The Background
In a techno-society where digital media and artificial intelligence are so ubiquitous, it is inevitable that new experiments invest the art world. Algorithmic art, digital art, generations of artificial intelligence, robotic art - these are forms of expression rooted in mathematical and computer skills at a very high level. In some cases, the experiments are not borrowed from the manufacturing world, but rather the opposite: research in the artistic world anticipates industrial applications. Just think of Adversarial Generative Networks (GANs), which can reproduce the faces of non-existent people, created by the imagination of the GAN.
Anyway, a typical feature of digital worlds is reproducibility: algorithms can repeat themselves, digital copies can be transferred indefinitely from computer to computer, the memory of one computer can spill over into another. This inherent property of computational processes somehow "dilutes" the perceived value of the digital copy.
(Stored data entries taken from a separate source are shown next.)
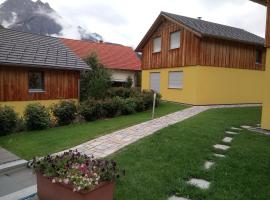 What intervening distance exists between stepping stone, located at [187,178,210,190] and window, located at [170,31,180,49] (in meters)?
14.4

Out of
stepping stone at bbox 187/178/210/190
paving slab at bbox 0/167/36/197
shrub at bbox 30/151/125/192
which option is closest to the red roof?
paving slab at bbox 0/167/36/197

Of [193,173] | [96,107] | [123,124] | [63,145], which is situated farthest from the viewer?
[96,107]

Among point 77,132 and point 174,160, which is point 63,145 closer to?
point 77,132

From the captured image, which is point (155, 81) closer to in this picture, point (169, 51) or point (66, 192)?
point (169, 51)

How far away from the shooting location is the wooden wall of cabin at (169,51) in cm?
1705

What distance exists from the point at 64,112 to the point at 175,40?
10.4 m

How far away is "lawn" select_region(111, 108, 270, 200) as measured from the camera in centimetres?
454

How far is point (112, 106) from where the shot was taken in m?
13.2

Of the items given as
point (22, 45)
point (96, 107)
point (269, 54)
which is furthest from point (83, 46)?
point (269, 54)

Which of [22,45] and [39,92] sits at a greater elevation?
[22,45]

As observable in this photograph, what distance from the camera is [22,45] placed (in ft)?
52.0

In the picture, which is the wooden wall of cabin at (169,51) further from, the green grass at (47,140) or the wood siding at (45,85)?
the green grass at (47,140)

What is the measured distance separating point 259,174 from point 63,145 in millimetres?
5087

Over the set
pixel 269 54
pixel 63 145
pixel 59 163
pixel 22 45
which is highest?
pixel 22 45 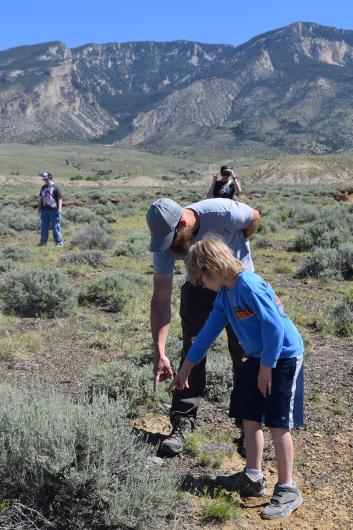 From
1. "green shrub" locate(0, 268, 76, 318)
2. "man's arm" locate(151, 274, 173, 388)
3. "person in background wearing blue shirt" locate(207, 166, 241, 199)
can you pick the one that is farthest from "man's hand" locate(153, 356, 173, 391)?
"person in background wearing blue shirt" locate(207, 166, 241, 199)

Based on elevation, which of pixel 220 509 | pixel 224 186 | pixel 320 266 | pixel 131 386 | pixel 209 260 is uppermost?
pixel 224 186

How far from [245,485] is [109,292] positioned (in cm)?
536

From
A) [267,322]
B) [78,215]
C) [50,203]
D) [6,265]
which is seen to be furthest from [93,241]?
[267,322]

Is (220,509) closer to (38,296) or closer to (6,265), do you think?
(38,296)

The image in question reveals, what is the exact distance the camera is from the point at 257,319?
3.33 meters

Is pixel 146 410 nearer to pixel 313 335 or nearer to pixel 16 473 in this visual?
pixel 16 473

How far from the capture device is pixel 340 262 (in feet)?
34.2

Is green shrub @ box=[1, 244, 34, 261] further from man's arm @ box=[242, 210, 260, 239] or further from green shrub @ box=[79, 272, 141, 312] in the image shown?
man's arm @ box=[242, 210, 260, 239]

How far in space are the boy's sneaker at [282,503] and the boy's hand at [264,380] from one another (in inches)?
22.8

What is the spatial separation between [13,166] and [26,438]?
10126 centimetres

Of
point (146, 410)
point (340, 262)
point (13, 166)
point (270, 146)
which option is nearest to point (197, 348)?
point (146, 410)

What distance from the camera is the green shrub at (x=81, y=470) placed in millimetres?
3166

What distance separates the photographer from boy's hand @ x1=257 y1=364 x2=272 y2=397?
130 inches

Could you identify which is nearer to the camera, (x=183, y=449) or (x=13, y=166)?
(x=183, y=449) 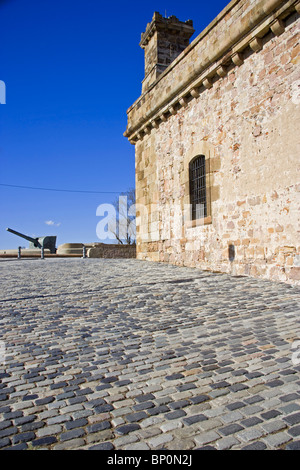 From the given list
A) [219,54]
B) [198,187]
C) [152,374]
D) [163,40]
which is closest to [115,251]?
[163,40]

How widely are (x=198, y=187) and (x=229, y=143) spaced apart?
2.01m

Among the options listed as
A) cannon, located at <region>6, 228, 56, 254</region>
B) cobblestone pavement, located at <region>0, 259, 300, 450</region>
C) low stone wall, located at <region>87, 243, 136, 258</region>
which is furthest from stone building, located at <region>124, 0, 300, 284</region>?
cannon, located at <region>6, 228, 56, 254</region>

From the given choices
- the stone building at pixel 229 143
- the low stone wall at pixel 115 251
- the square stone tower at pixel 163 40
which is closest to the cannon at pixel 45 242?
the low stone wall at pixel 115 251

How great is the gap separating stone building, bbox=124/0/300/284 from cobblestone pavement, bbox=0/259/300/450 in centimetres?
243

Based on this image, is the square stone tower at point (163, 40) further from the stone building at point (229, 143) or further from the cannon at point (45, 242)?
the cannon at point (45, 242)

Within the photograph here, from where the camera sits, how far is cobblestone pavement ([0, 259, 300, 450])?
2092mm

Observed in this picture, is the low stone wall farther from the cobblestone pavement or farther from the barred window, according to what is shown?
the cobblestone pavement

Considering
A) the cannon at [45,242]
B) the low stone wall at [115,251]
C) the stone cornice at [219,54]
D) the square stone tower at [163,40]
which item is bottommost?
the low stone wall at [115,251]

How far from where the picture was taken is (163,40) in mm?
13602

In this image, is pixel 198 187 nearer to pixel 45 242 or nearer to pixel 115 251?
pixel 115 251

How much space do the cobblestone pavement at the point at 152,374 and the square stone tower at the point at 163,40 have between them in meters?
10.6

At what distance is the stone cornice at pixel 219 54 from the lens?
7.26m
Nothing becomes scarce, everything is at hand, retrievable when needed, incorruptible by time.
For years I have been working with "artificial intelligences" capable of guiding the hand of robots in the act of reproducing figurative works. I got robots to make watercolors and etchings. My goal was not so much the painting as the identification of aesthetic algorithms capable of capturing the artist's stroke, of capturing the secret of the balance between precision and gesture. The algorithms I produced, however, can repeat themselves; they are saved and stored on my hard drives. They do not possess the fragility typical of the human essence. Hence the need to create an algorithm that can "die".
For this performance, I created an algorithm that exists in a single digital copy; this copy is stored on a single hard drive. When the hard drive is destroyed, so is the digital essence that allowed the work to be created. Needless to say, the product of the work, the engraved plates, are unique and irreproducible. In other words, my intention is to give the digital product uniqueness, to give it an immutable corporeality, immune to the weakening of reproducibility.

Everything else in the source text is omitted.